Unfortunately hardware interrupts -- in terms of CPU usage -- are expensive ; they alert the CPU to a high-priority condition requiring the processor to suspend what it is currently doing, saving its state, and then initializing an interrupt handler to deal with the event.
Once the frame is within the kernel, it is processed through the network stack up to the Linux Bridge. However, the kernel network stack is inherently slow. It has to deal with a number of functions and protocols, from ARP to VXLAN, and it has to do it all securely.[1]
Linux Bridge to Virtual Instance
Once the frame has been received by the Linux bridge, and the necessary operations performed in order to determine that the packet is destined for our virtual machine, the kernel performs a system call.
The system call initiates a context switch.
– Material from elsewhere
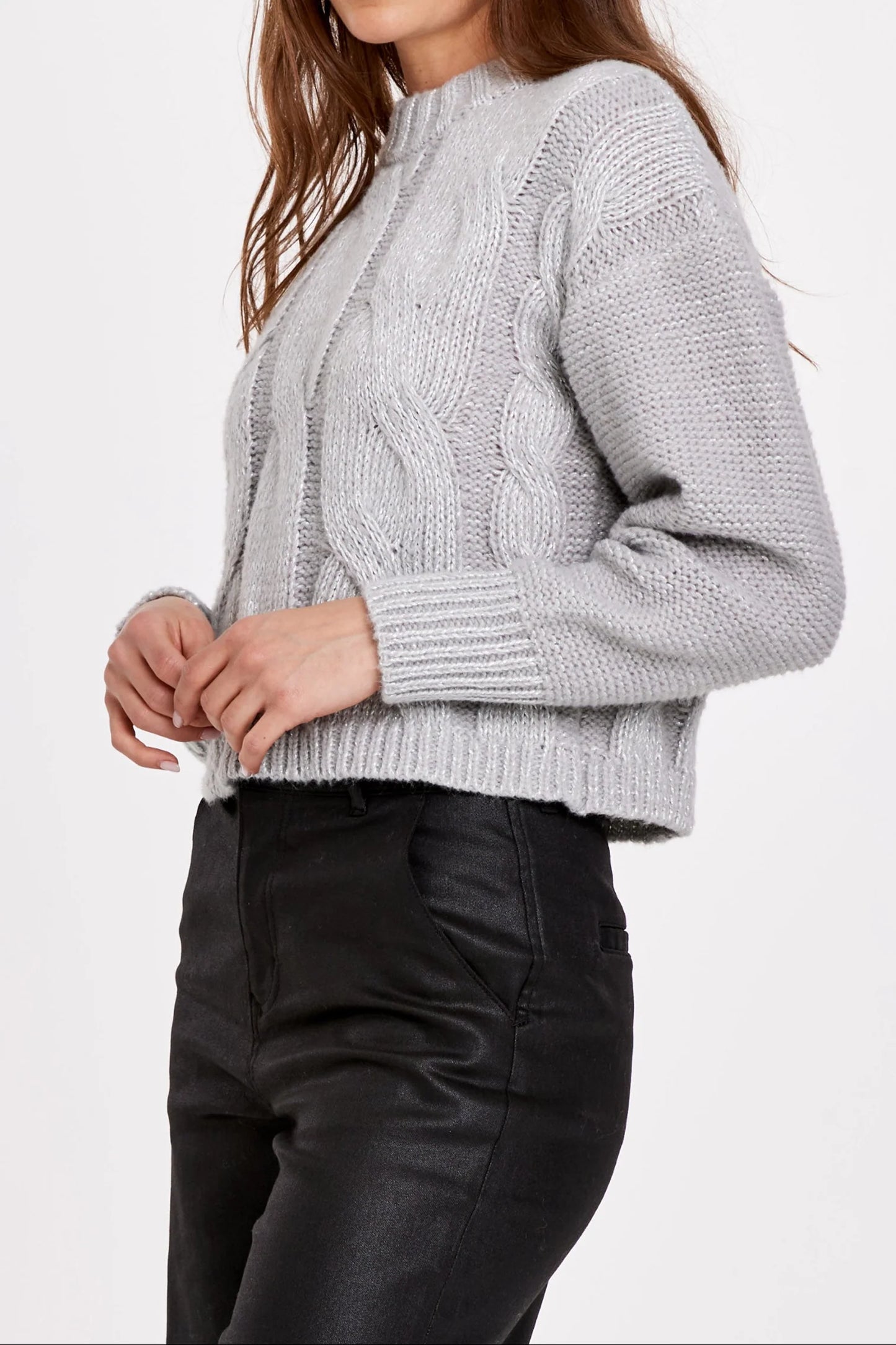 Dear John Wander Sweater in White Snow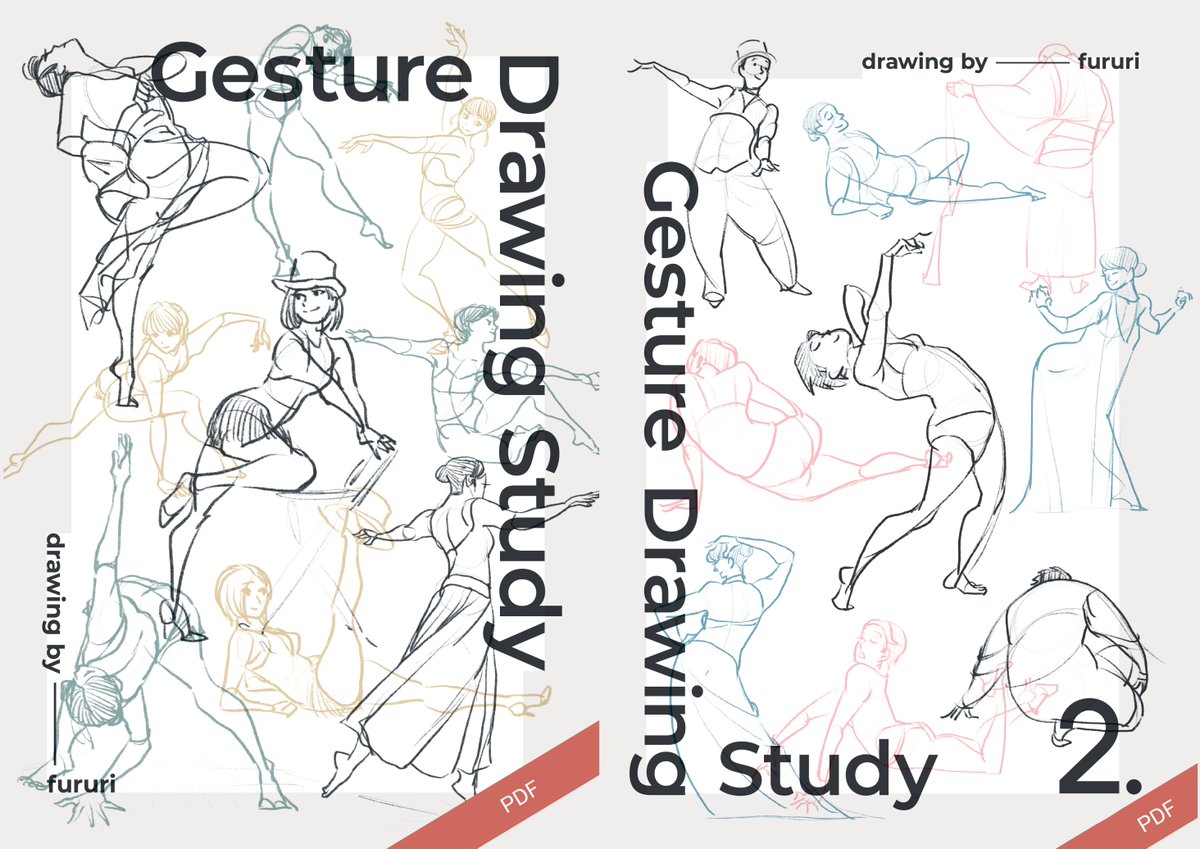 遅くなりましたが、Gesture Drawing Study2のPDF版と、1巻と2巻のPDF版のセット販売を開始しました。
セットの方はお安くなっておりますので、もし良ければご利用くださいませ。

一緒にジェスドロしましょー!!!

https://t.co/OchG9kekO9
This switches the CPU to operate in a different address space. This allows our virtual instance, which is running within userspace, to 'context switch' to kernel space and retrieve the frame before returning to userspace so that it can further process the frame. Of course, this is hugely inefficient - in order to retrieve the pack, the virtual instance has to stop what it is doing for each IO request, not to mention the cost /overhead involved to perform the actual copying of data (/frame) between the two different address spaces.
Even though this flow has been hugely simplified, it highlights the following:
moving a frame through the kernel data-path and between system memory spaces is computationally expensive.
Conclusion
As you can see, out of the box the Linux network stack has various short comings when it comes to effiently passing the traffic from the NIC to userspace.
This is, of course, asabated when high work traffic workloads are introduced, in the case of NFV.
However, there are a range of technologies that address these issues. Ranging from kernel bypassing (DPDK), direct passthroughs (SRIOV) to memory/CPU optimizations (CPU Pinning, Huge Pages).
References
"Pushing the Limits of Kernel Networking - Red Hat Enterprise Linux Blog." 29 Sep. 2015, http://rhelblog.redhat.com/2015/09/29/pushing-the-limits-of-kernel-networking/. Accessed 22 Aug. 2017. ↩︎